# Oberfranken.....



## specter (14. März 2003)

Hey, was ist denn los mit den Oberfranken??
Immer hört man nur von den Nürnbergern und Erlangenern was !
Hängt doch mal was von ganz "oben" rein - Tourentips, etc.
Bin schon gespannt !!

Gruß specter
P.S. 
ich komme aus Altenkunstadt (ist genau zwischen Bamberg und Bayreuth). Auch hier kann man ausgezeichnet biken. Außerdem läuft bei mir in der Umgebung wahrscheinlich der schönste "Mittelgebirgsmarathon" ab - Trieb bei Lichtenfels.
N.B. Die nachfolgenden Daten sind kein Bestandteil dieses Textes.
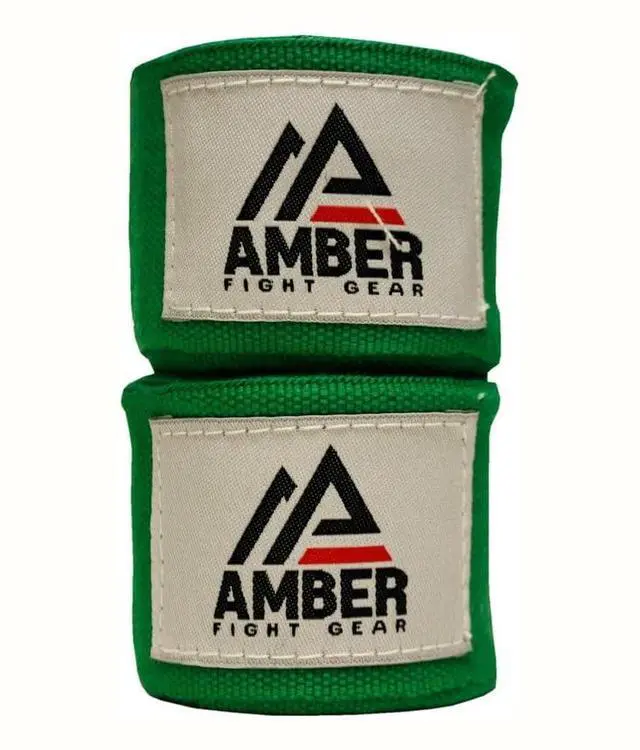 Main image of Amber Fight Gear Semi Elastic Professional 180-Inch Hand Wraps with Hook and Loop Closure for Boxing Kickboxing Muay Thai MMA for Men and Women  Sold as a Pair Black Green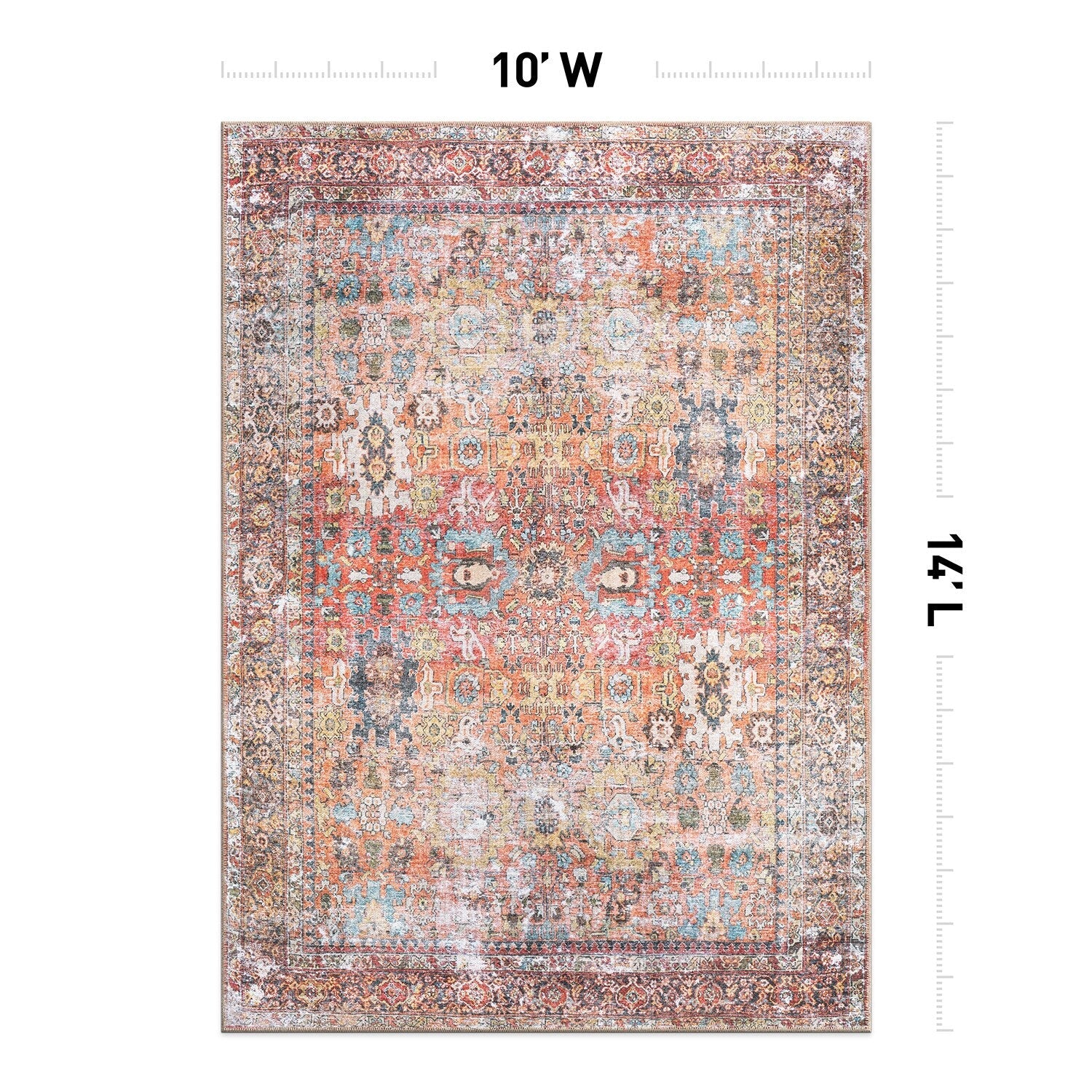 Tapis antidérapant lavable en machine, style transitionnel et vieilli, de la World Rug Gallery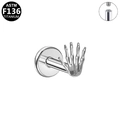 Macro detail of skeleton hand piercing stud in ASTM F136 titanium with internal threading - Silver Skeleton Hand Style (G23LAI888-S1208090)
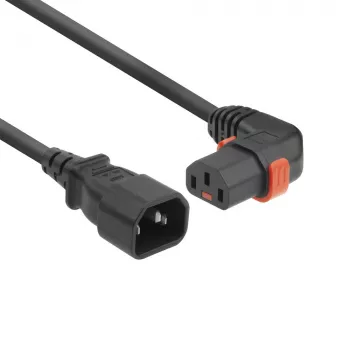 ACT toitejuhe C14 - C13 IEC Lock (nurkpistikuga) must 3 m, PC2049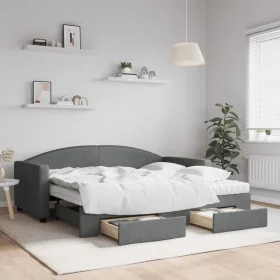 Trundle sofa bed with drawers dark gray fabric 90x190 cm by vidaXL, Beds and slatted bases - Ref: Foro24-3197253, Price: 443,...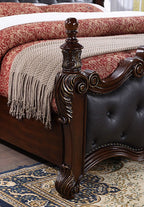 FM7637CH Cremona Dark Cherry Wood Ornate Carved Tufted Faux Leather Finial Poster Queen Bed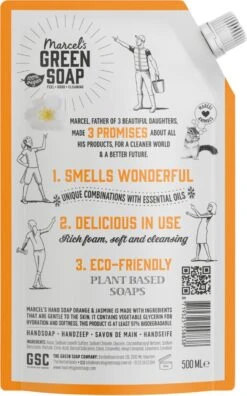 Marcel's Green Soap Handzeep Sinaasappel & Jasmijn Navulling - 6 X 500 Ml -Lichaamsverzorging Winkel 748x1200 1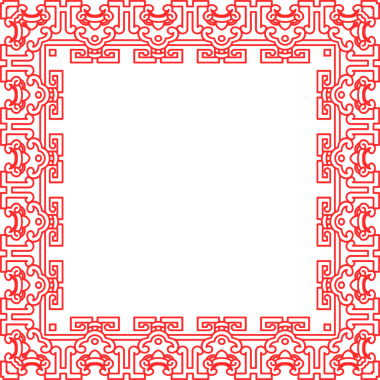 Geleneksel Çin izleme kırmızı retro desen dekorasyon kare çerçeve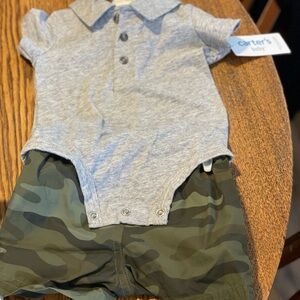 Carter's Baby Gray Bodysuit with Camo Shorts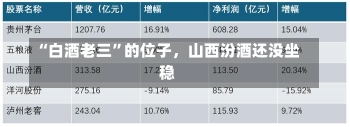 “白酒老三”的位子，山西汾酒还没坐稳-第2张图片-多讯网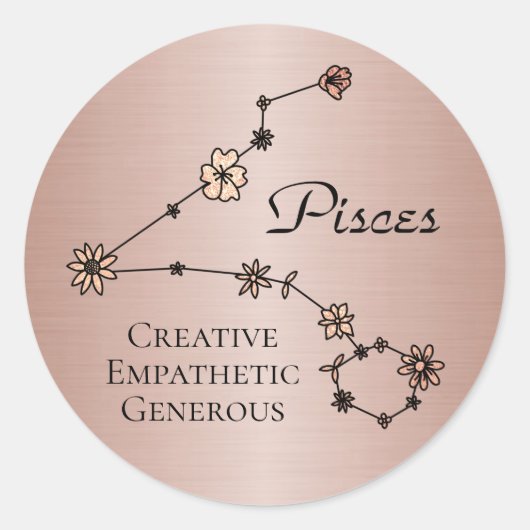 Sticker Rond Poissons Zodiac étoile Poisson Symbole Fleur Const (Devant)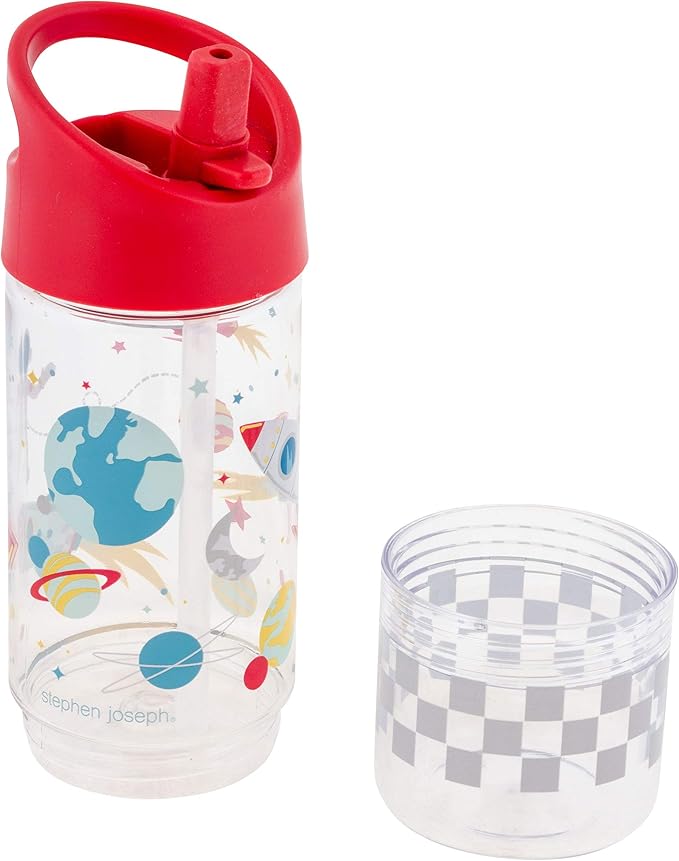 Stephen Joseph FLIP TOP BOTTLES W/SNACK CONTAINER - SPACE, os (SJ1153)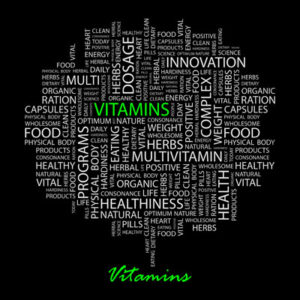 An image of a word collage of words associated with vitamins, such as dosage, multi, and food.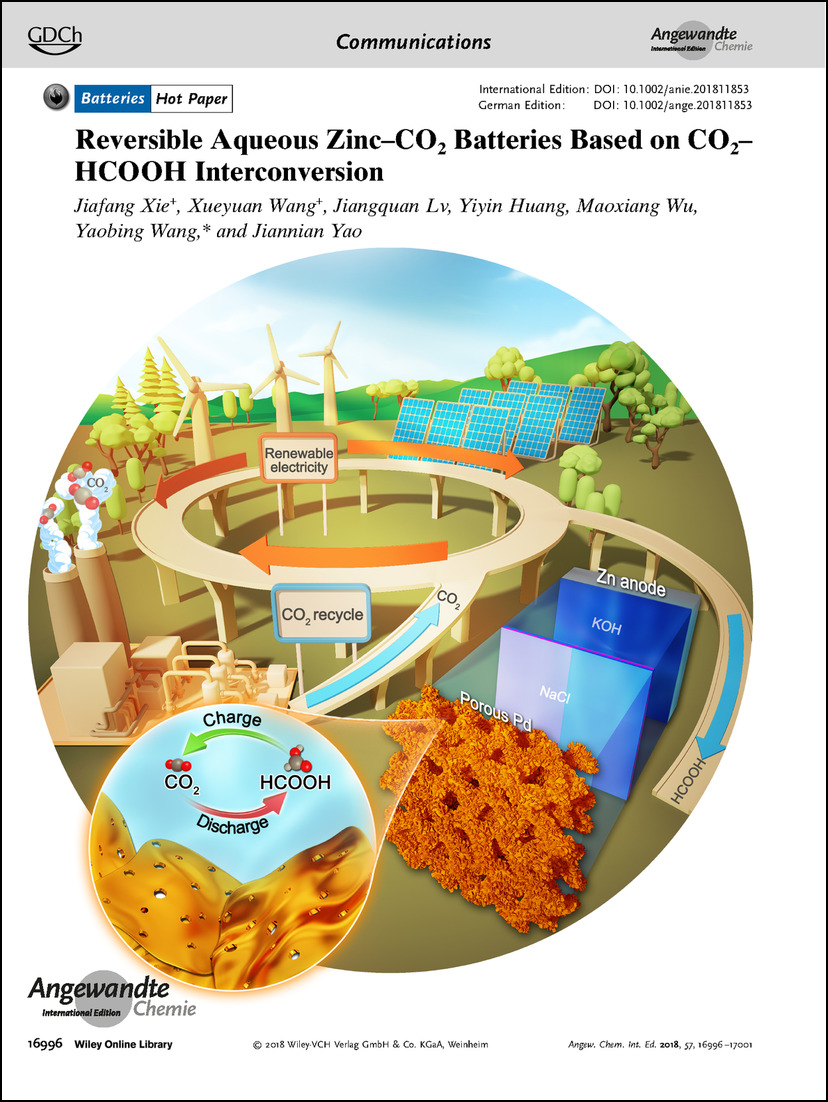 Frontispiece: Reversible Aqueous Zinc–CO2 Batteries Based on CO2–HCOOH Interconversion Volume 57 Issue 52, 2018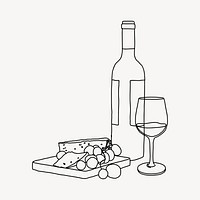 Cheese board & wine line art illustration vector
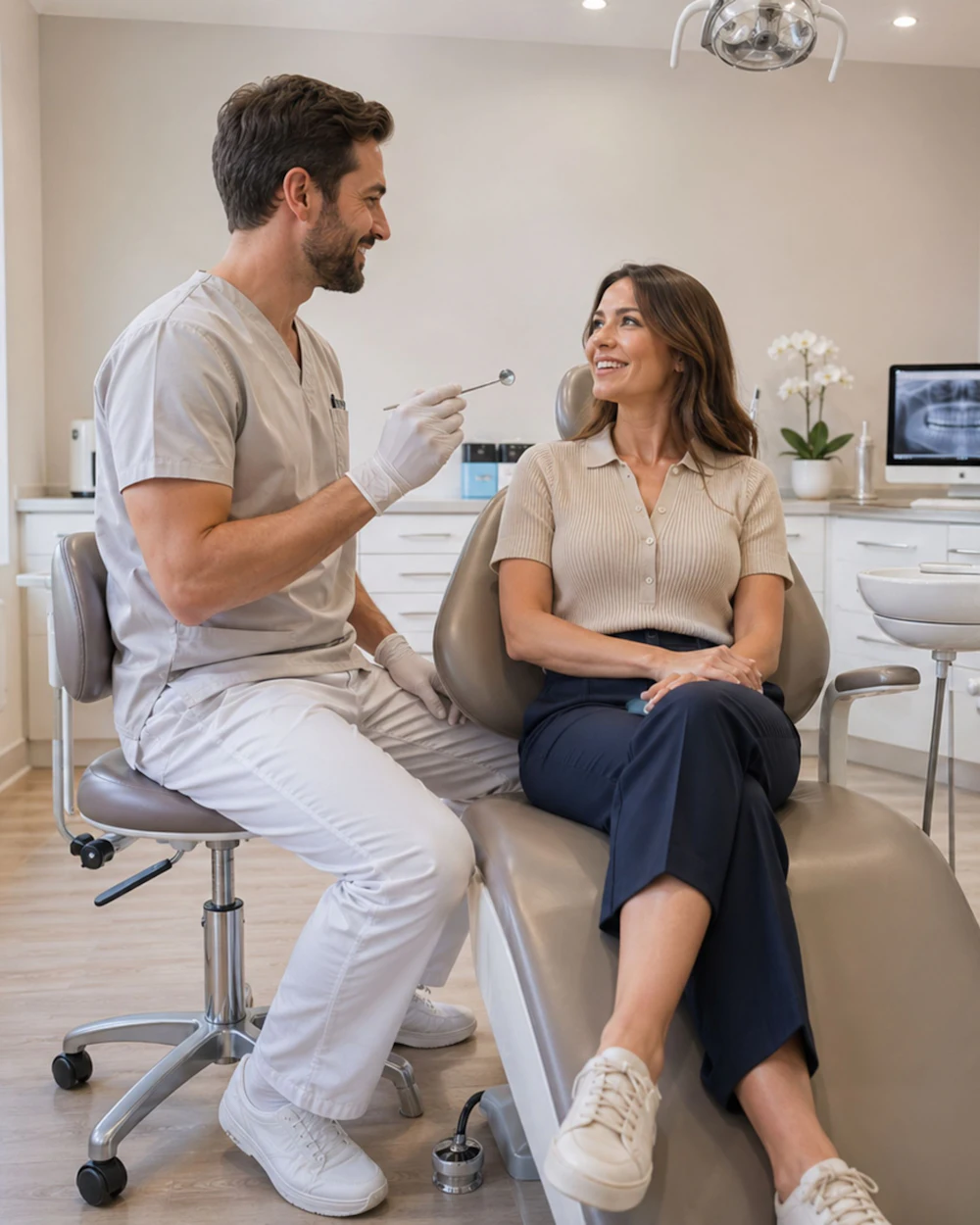 A dentist talking with a smiling patient in a modern dental office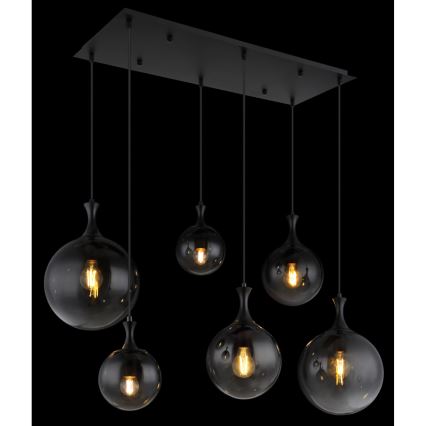 Globo - Пендел 6xE27/10W/230V черен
Absolute Spitze - heuer am 24.8.03 !! Da müsst ihr hin !


----------



## nurichdarf (23. März 2003)

Wenn man sich öfters durch euren Schlamm beim Marathon in Trieb gequält hat will man dort nicht wirklich biken   Oder doch ...... Es war auch manchmal brutal heiss  

Ansonsten schönen Gruss nach Lichtenfels und Trieb.


----------



## MTB-News.de




----------



## munchin Monster (9. Juli 2004)

servus!   

ich wollte eigentlich auch in trieb mitfahren, kann aber die startgebühr leider nicht mehr finanzieren... ich depp    naja... was soll's   

um auf den punkt zu kommen - meiner meinung nach ist oberfranken etwas ausgestorben finde ich ... es finden sich kaum leute mit denen man biken gehen kann.. wenigstens habe ich hier in bayreuth noch keine cc o. tourenbiker im internet getroffen... um mit denen mal ne runde zu drehen...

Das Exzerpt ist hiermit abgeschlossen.